§ Task requirements
Data follows below. Repeat exactly the lines between the line holding "Used 2017 Chevrolet" and the line holding "Osvaldo Giordano junto", inclusive, and nothing more; drop pictures.

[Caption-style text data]
--

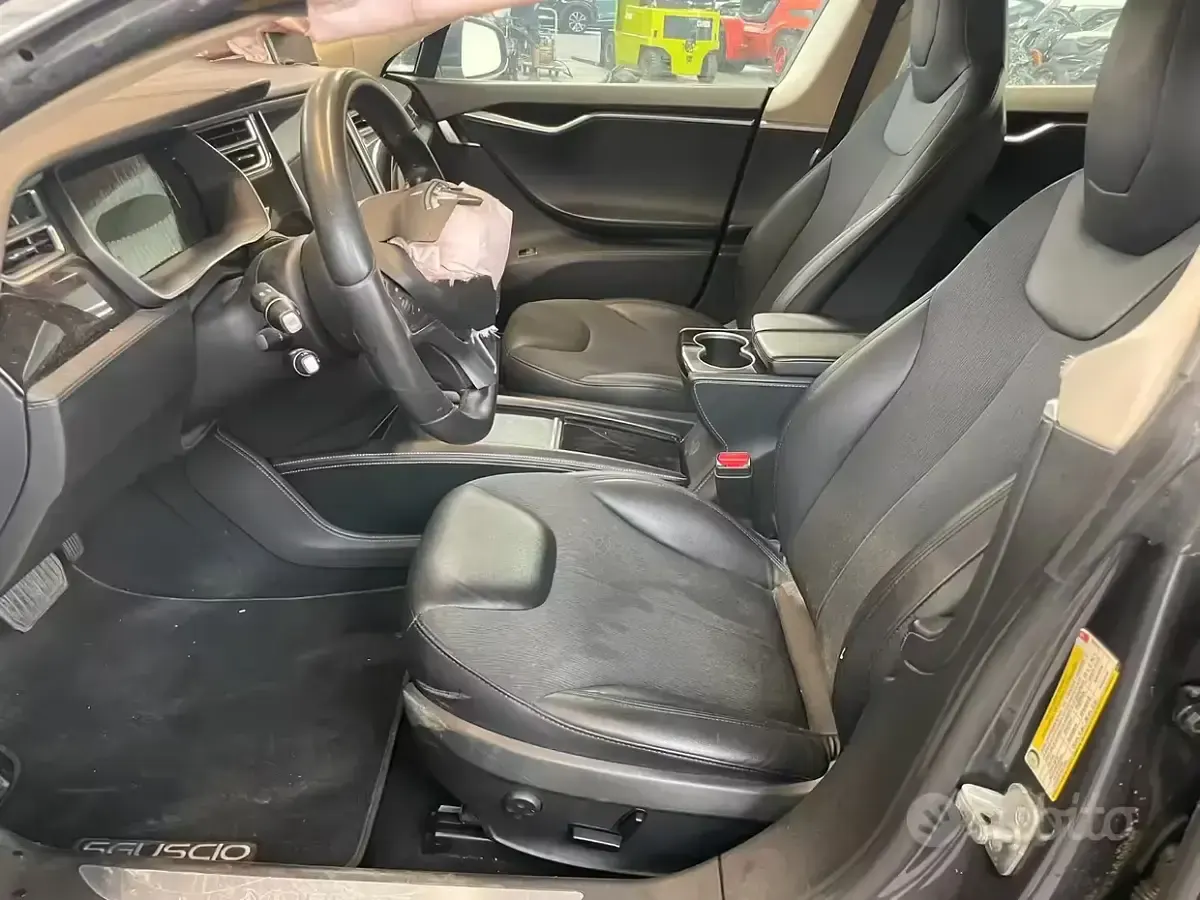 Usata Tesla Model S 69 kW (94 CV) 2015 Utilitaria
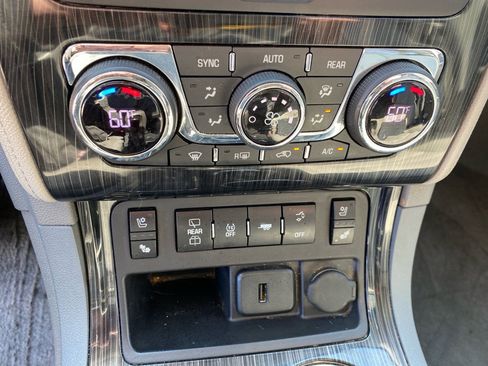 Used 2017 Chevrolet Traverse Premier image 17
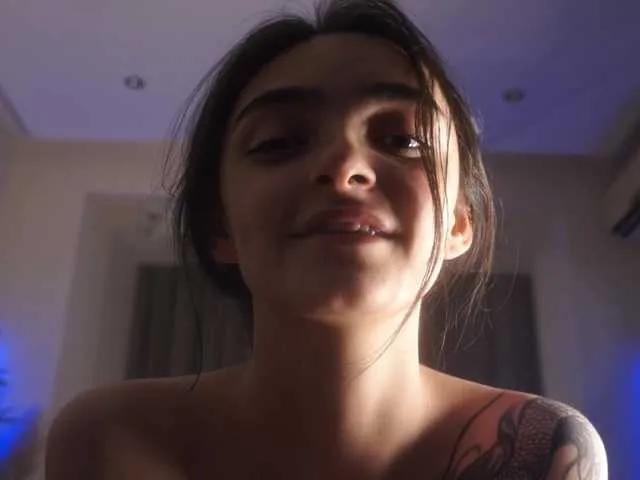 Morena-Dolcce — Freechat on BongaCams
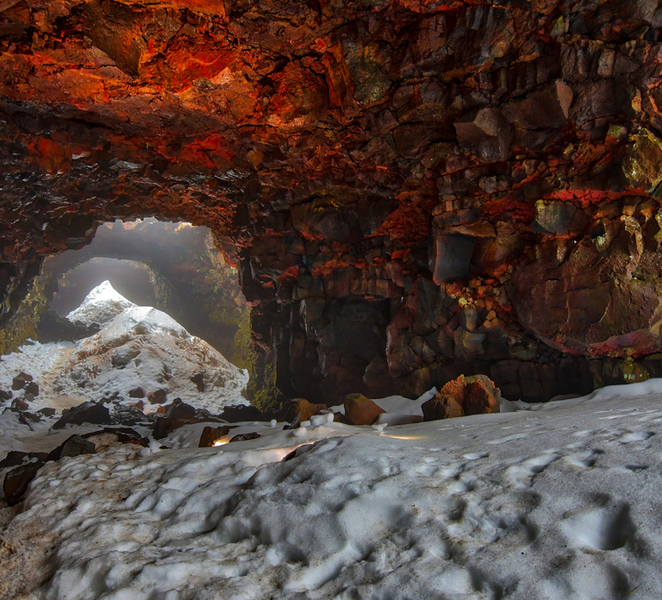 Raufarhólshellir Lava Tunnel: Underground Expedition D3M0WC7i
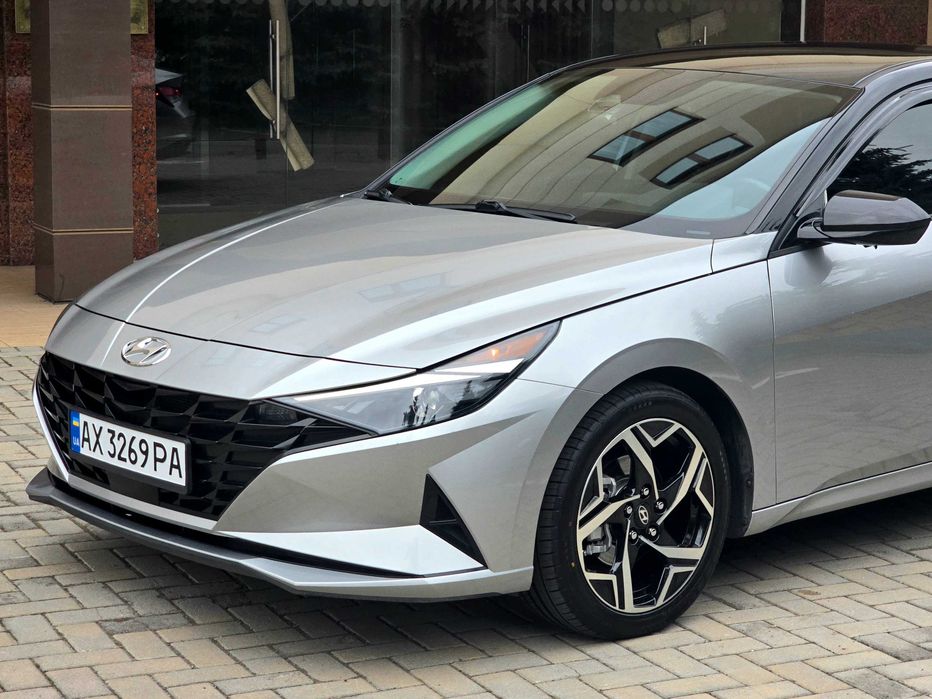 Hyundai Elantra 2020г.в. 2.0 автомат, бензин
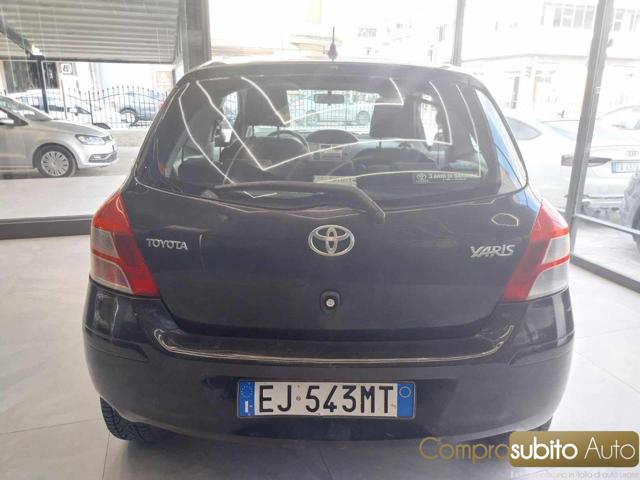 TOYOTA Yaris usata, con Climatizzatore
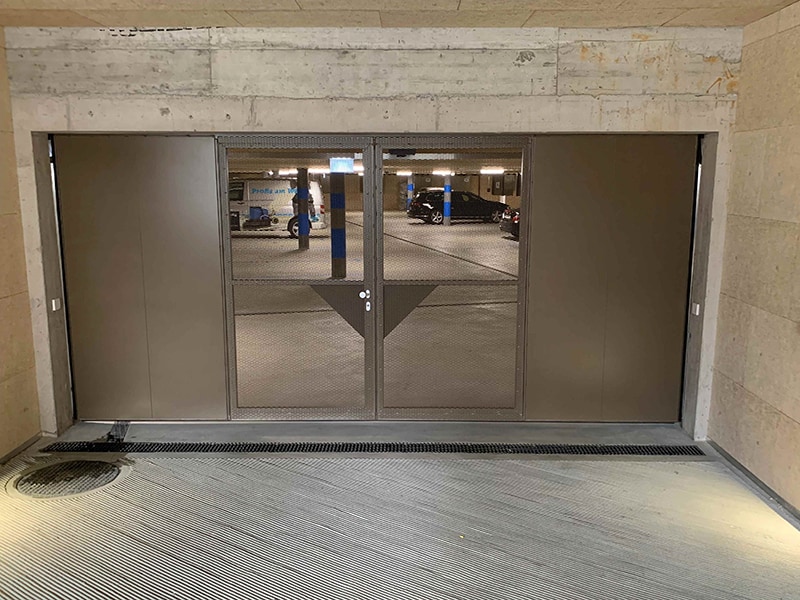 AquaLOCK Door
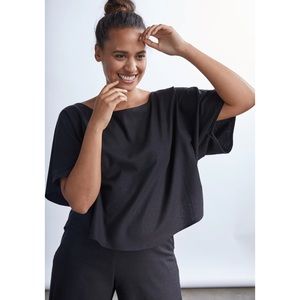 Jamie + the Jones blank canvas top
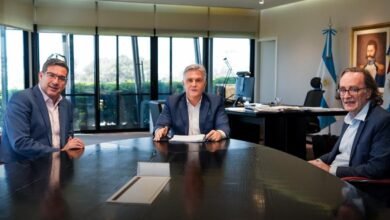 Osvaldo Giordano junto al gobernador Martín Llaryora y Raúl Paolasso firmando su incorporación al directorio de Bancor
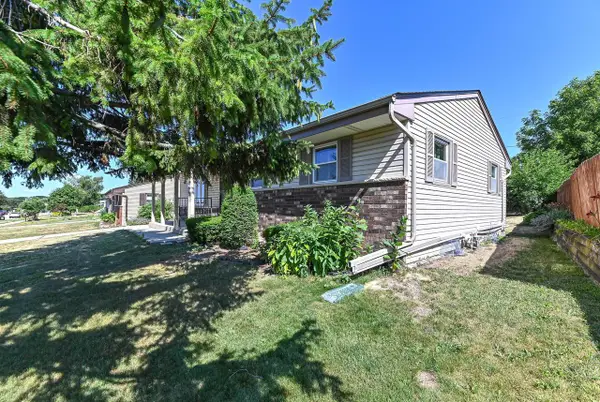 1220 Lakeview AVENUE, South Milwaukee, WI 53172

--

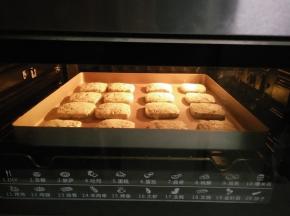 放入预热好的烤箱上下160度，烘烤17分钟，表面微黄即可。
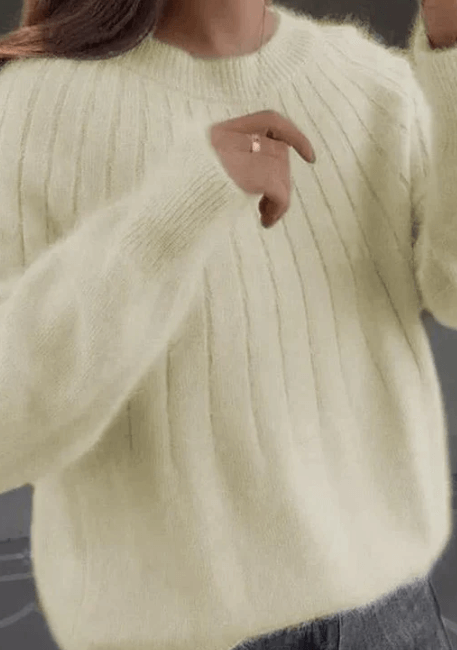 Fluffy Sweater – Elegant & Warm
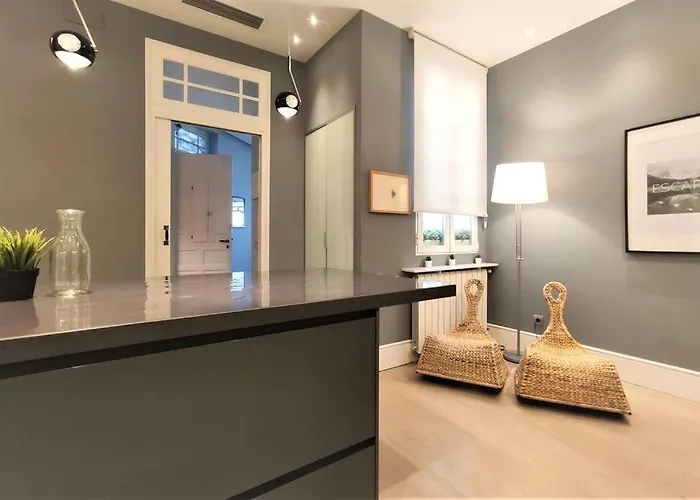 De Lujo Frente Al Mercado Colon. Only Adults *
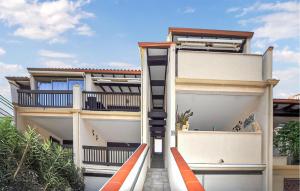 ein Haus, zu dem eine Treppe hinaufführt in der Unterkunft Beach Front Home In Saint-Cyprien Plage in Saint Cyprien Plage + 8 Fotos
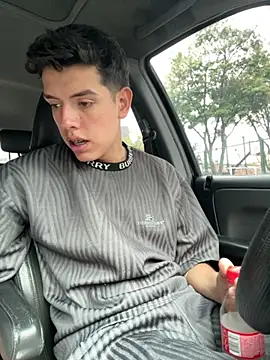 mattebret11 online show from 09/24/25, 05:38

--

§ Answer to the problem
 Used 2017 Chevrolet Traverse Premier image 17
 Morena-Dolcce — Freechat on BongaCams
 Raufarhólshellir Lava Tunnel: Underground Expedition D3M0WC7i
 Hyundai Elantra 2020г.в. 2.0 автомат, бензин
 TOYOTA Yaris usata, con Climatizzatore
 AquaLOCK Door
 Jamie + the Jones blank canvas top
 Osvaldo Giordano junto al gobernador Martín Llaryora y Raúl Paolasso firmando su incorporación al directorio de Bancor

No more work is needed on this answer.